We now know the loose spike protein is cytotoxic to our bodies. It appears to effect all tissues, but especially the heart tissue. The Salk Institute showed that in this study, along with a study in the Journal Circulation. There was another study done that showed in vitro that loose spike protein was worse for heart tissue than spike protein as part of the Covid virus. With all of this information on the cytotoxicity of the loose spike protein, why would we want our bodies generating loose spike protein? I cannot imagine a more inane logic. We know Covid is bad; we know the loose spike protein is the cytotoxic part of the virus; so let’s have our bodies make it; so that if we get Covid; our bodies know how to fight only part of the bad virus? How effective will antibodies from only one portion of the virus be in fighting the virus. As we now know after over a year of trying these vaccines, they are not effective at all in fighting the virus. In fact, it appears to have a negative effect.
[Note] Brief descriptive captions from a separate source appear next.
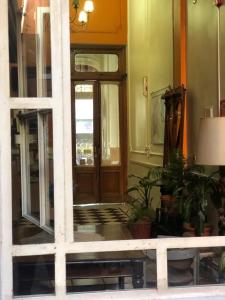 uma porta da frente de um edifício com vasos de plantas em Derby Home Hotel em Buenos Aires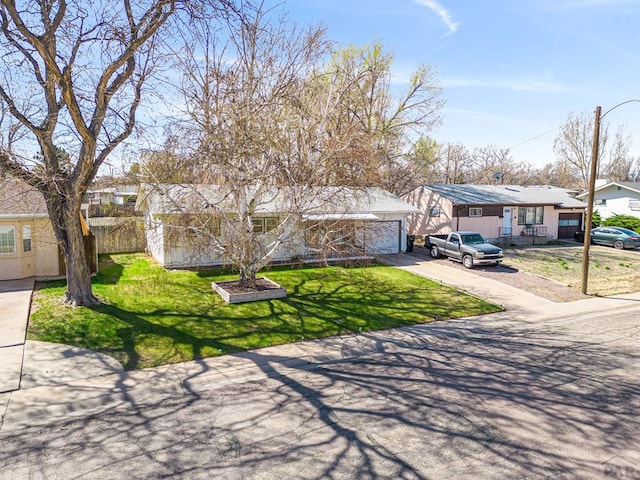 view of front of home with a garage, fence, driveway, a residential view, and a front yard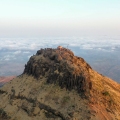 A breathtaking view from Kalsubai Peak, Maharashtra’s highest point, showing a mist-covered trail, lush green hills, and dramatic clouds rolling over the mountain landscape.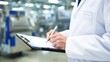 © MMSaddam - Quality Control Inspector in Food Processing Factory with Clipboard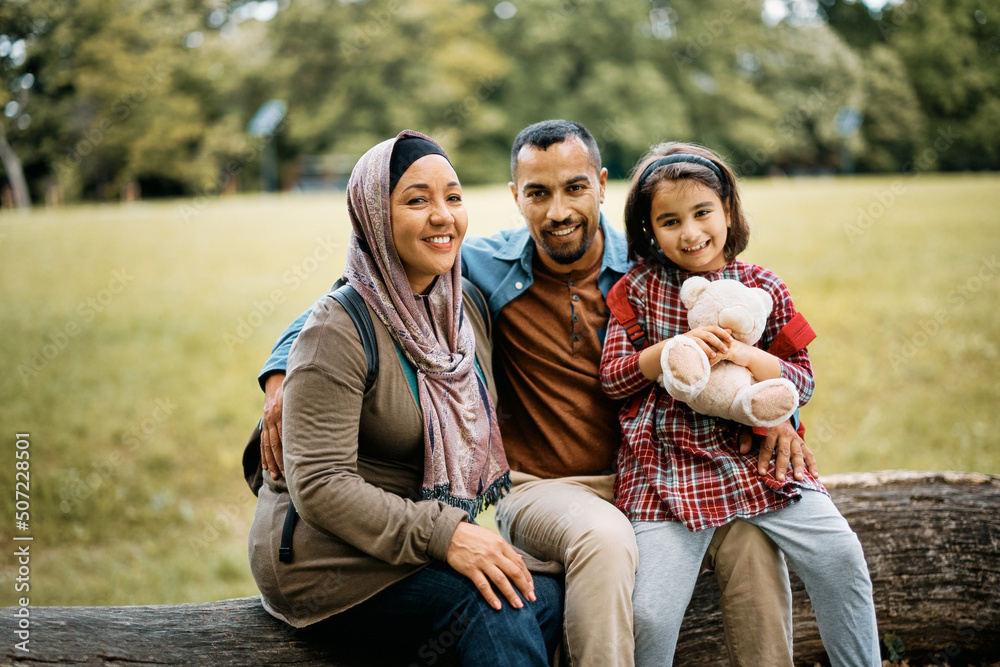 Portrait of happy Muslim parents with daughter in park looking at camera.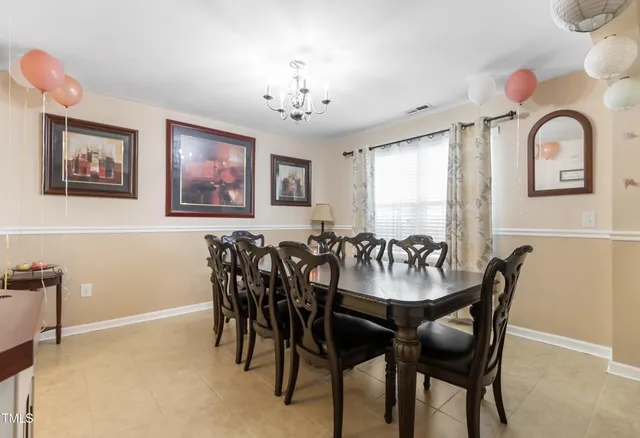a view of a dining room with furniture and chandelier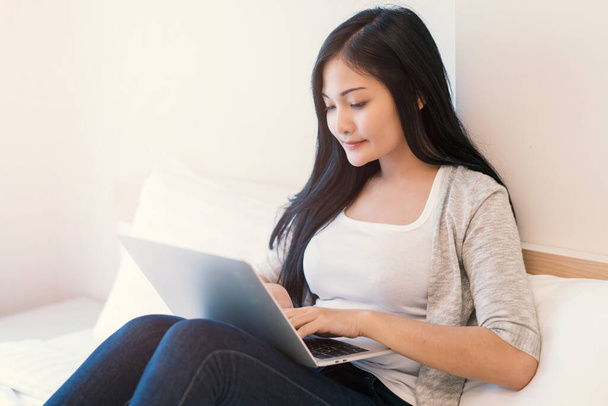 Mujer joven trabajando en una computadora portátil sentada en la cama en casa
. - Foto, Imagen
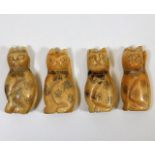Four early Oriental carved bone cat figures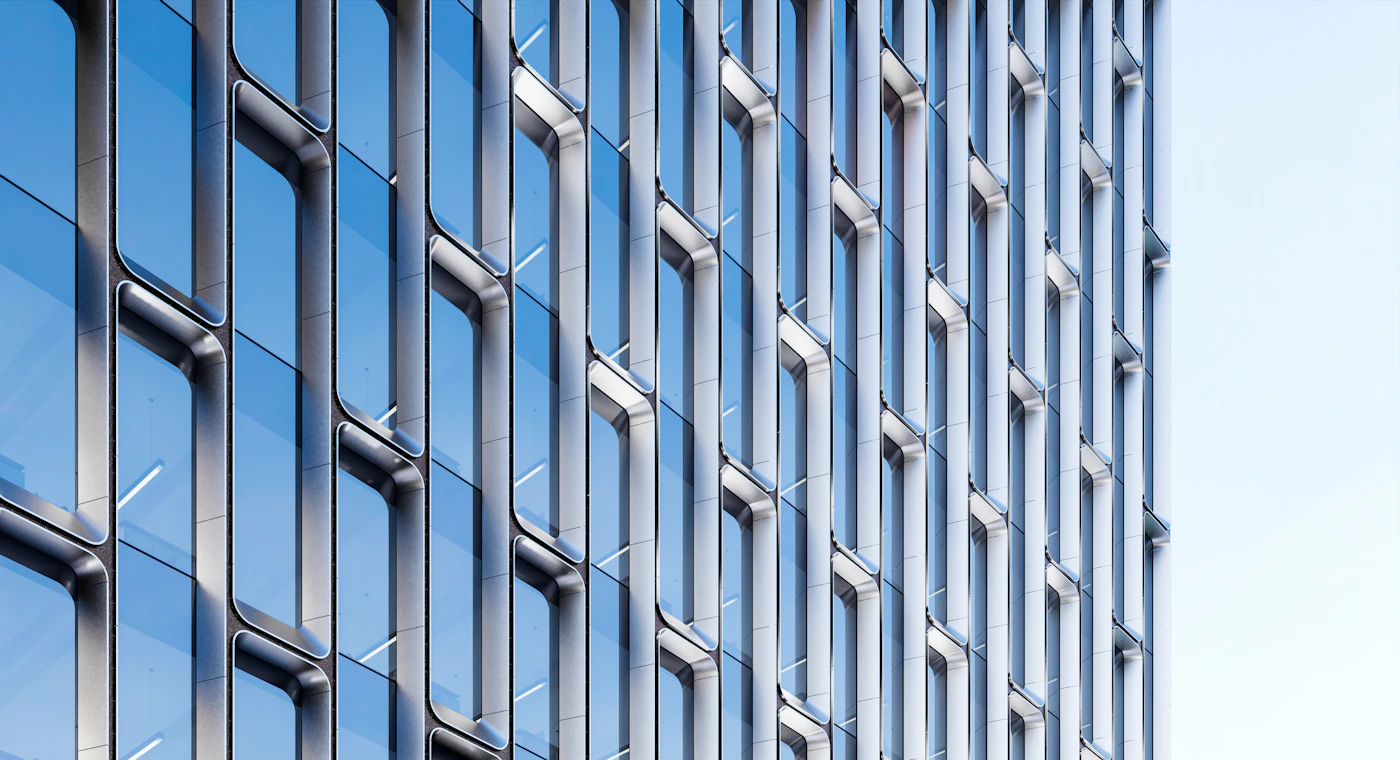 A glass office tower with a precise grid of windows.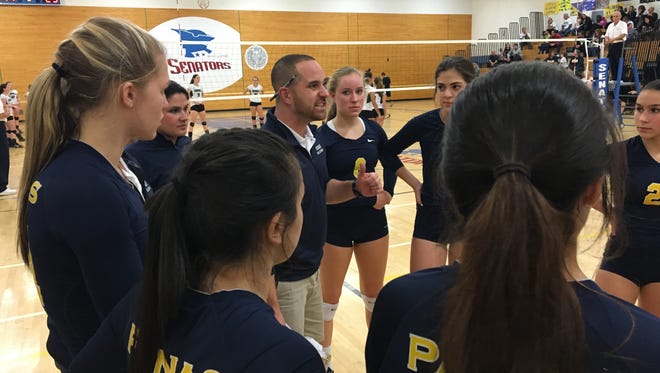 Panas volleyball head coach Joe Felipe talks to his team during a Class A state regional semifinal win over Cornwall at SUNY Ulster. Nov. 9, 2016.
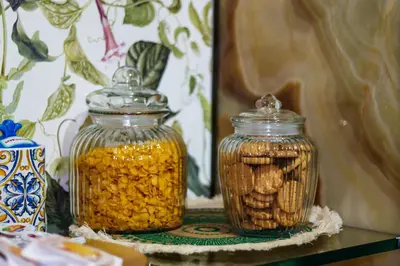 two glass jars filled with peanuts on a table at Alba e i Mori in Palermo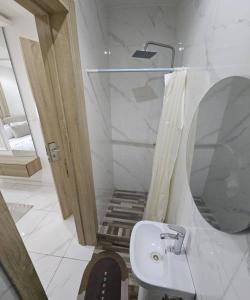 a bathroom with a sink and a shower with a mirror at Zendidisluxuryapartments in Lekki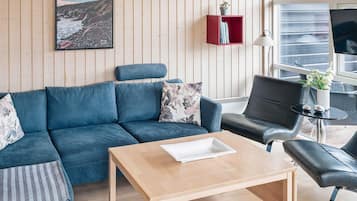 A modern living room with a blue sofa, a wooden coffee table, a black leather chair, and a red bookcase against a wooden wall.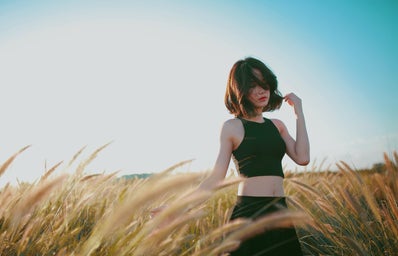 Woman poses in a windy field.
Now for the hypothesis, mRNA vaccines are more dangerous than the J&J/Janssen adenovirus vaccine. Both tell your body to create dangerous loose spike protein, how much is unknown. We know the Moderna has more mRNA in it than Pfizer, but we don’t know how much spike protein is being manufactured or when it stops, or if it stops. The lipid nanoparticle is a very new technology that has not been widely used. In fact, mRNA vaccines are only the second drug for which this technology has been approved as a drug delivery system. The other is Onpattro and it has only been around since 2018. Onpattro is a medication for the treatment of polyneuropathy in people with hereditary transthyretin-mediated amyloidosis, a fatal rare disease that is estimated to affect 50,000 people worldwide. If I had a fatal disease, I would like to have the right to try the new technology. Covid is far from fatal, and we have no idea of the effects of these lipid nanoparticles on our bodies. Our body’s immune systems know what to do about adenoviruses. We have evolved with them for years. Who knows if our bodies know what to do with a small solid fatty substance directly injected into our bloodstream. Another reason I hypothesize the J&J is less dangerous, is the one shot vs. two shot (at the time) prescription. The second (or third or fourth and counting) shot will come with it a period of time where your body has some antibodies against a protein that your body would be actively creating or creating at a faster rate.
All of these vaccines need to be halted until we know these answers. The FDA appears to have unrecommended the J&J vaccine, the other two need to come next.